# ADA 30-c Rookie Journal



## insomniaclush (Jan 14, 2008)

This is my first nano to mess w/. Afew rookie misstakes have been made putting together this tank such as placing my glass diffuser and glass bubble counter on the floor and forgetting them then stepping on them lol. Next one was buying too little of plants and having to go back for more. Then came trying to plant the HC and wire the Riccia, what a pain in the... Nevertheless this is the first week into this thing and we'll have to see how things come in here in a couple of mo.

Tank specs.

Tank: ADA 30-p 30 x 30 x 30
Substrate: ADA Power Sand Special
ADA Amazonia II
Filtration: Eheim Ecco 2232
Cal Aqua Labs glass ware
Lightning: Current 2x18 Watt 12" PC 
Coralife Turbo Twist - 9 Watt U.V. Sterilizer

Decorative
Materials: Ryuoh Stone

Ferts: ADA Brighty K
ADA Green Brighty Step 2
Flourish excel
DIY CO2 generator

Plants: Hemianthus callitrichoides
Riccia fluitans 
Narrow & Dwarf Hairgrass

























































*Lots of criticism would be greatly appreciated!!!*


----------



## goalcreas (Nov 20, 2006)

Well placed stones except for that one in the last two pics on top of the big rock.
I like what you got going and will be interested to see it fill.
Good work.


----------



## insomniaclush (Jan 14, 2008)

goalcreas said:


> Well placed stones except for that one in the last two pics on top of the big rock.


Thank you
lol I forgot to remove and/or find a place for that riccia rock. It is not ment to say there...


----------



## goalcreas (Nov 20, 2006)

I thought that might be the case, just want to clear that up.


----------



## insomniaclush (Jan 14, 2008)




----------



## Brilliant (Jun 25, 2006)

Hi,

You should fill the tank up before taking pics.


----------



## cah925 (Jun 23, 2007)

looks good so far, can't wait to see it fill in.


----------



## DMHdispute (Oct 23, 2007)

I like it, it will look like a pro made it when its all grown in. 
What kind of fish/shrimp are you planning to put in, if any?
oh yea put a lil more water in it the rimless tanks look good when they are full of water.


----------



## MARIMOBALL (Jun 20, 2007)

did you make the stand yourself? cuz Im getting a 30C also and Im looking for ideas.


----------



## insomniaclush (Jan 14, 2008)

DMHdispute said:


> What kind of fish/shrimp are you planning to put in, if any?

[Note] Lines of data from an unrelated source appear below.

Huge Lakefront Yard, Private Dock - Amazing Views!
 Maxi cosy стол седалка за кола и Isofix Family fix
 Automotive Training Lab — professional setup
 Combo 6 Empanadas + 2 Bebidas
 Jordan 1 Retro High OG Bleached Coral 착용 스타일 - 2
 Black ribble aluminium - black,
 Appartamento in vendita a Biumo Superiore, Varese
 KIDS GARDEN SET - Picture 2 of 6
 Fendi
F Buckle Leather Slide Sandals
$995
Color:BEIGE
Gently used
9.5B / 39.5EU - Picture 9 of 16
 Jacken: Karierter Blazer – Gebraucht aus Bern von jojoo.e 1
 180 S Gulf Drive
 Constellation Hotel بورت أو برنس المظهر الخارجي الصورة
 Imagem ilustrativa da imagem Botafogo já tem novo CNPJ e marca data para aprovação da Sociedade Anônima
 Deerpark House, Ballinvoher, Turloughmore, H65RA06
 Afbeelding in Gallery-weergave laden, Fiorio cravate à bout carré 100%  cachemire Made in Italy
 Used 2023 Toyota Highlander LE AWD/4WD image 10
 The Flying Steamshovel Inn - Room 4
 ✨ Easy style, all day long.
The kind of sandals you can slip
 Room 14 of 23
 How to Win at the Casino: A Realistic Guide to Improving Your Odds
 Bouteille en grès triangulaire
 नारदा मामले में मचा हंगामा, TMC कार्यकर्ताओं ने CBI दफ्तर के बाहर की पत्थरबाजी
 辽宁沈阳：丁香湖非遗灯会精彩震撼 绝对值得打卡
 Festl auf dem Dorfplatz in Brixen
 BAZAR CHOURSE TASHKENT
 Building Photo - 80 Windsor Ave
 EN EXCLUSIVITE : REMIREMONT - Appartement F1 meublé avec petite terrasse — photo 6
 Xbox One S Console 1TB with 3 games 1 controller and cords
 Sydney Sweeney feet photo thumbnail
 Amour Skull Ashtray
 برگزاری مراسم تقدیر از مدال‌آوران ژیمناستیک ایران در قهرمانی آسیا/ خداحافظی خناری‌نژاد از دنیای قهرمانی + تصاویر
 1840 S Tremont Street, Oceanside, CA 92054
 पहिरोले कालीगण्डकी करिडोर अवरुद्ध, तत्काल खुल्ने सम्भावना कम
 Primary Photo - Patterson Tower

Once it cycles I was thinking about putting some Phoenix Rasboras( Boraras merah )in w/ a few Bumble Bee Shrimp (Caridina trifasciata) and some Red Cherry Shrimp.


----------



## insomniaclush (Jan 14, 2008)

MARIMOBALL said:


> did you make the stand yourself? cuz Im getting a 30C also and Im looking for ideas.


 Yes I did. Getto though
I found a couple of cheap ikea book stands set aside for the trash. I took them home and pulled everything apart, sanded off all the finish and covered all the holes. Sunck in all the screws and covered them w/ wood putty, sanded down and added a door. Then a couple coats of primer and a couple coats of matblack finish done and done...


----------



## Jervis (Feb 22, 2008)

insomniaclush said:


> Once it cycles I was thinking about putting some Phoenix Rasboras( Boraras merah )in w/ a few Bumble Bee Shrimp (Caridina trifasciata) and some Red Cherry Shrimp.


Very nice Fauna selection there... I got a 30cm ADA cube too... but your layout is much more defined


----------



## insomniaclush (Jan 14, 2008)

Here is some pic's of the *getto* ada wanna-be stand I put together for this tank...


----------



## MARIMOBALL (Jun 20, 2007)

The stand looks great thanks for the photos.


----------



## insomniaclush (Jan 14, 2008)

*Week 3 Update*

Everything seems to be growing up and out just fine. I had a severe algae
problem lastweek, i wasn't paying attention to the sunlight comming into the room. Quite a bit of sunlight was hitting the two rocks on the left of the tank. So now I've added a new clean up crew and they are doing awesome at it. 
I put two little zebra danios to help w/ cycling the tank (not going to be there permanent home). 
And the clean-up crew consists of 6 Cherry Red shrimp, 3 orange bumblebee shrimp, and two Amano Shrimp. I was going to stock black N' white bumblebees but I saw these guys @ the LFS and couldn't pass them up. The orange and reds of these shrimp contrast perfectly against the very bright greens of the Riccia and HC...


----------



## foofooree (Mar 11, 2007)

what is that orange shrimp in that last photo? Is it some kind of neocardina?


----------



## insomniaclush (Jan 14, 2008)

I don't know the scientific name. At the LFS,the only name listed was "orange bumblebee shrimp".


----------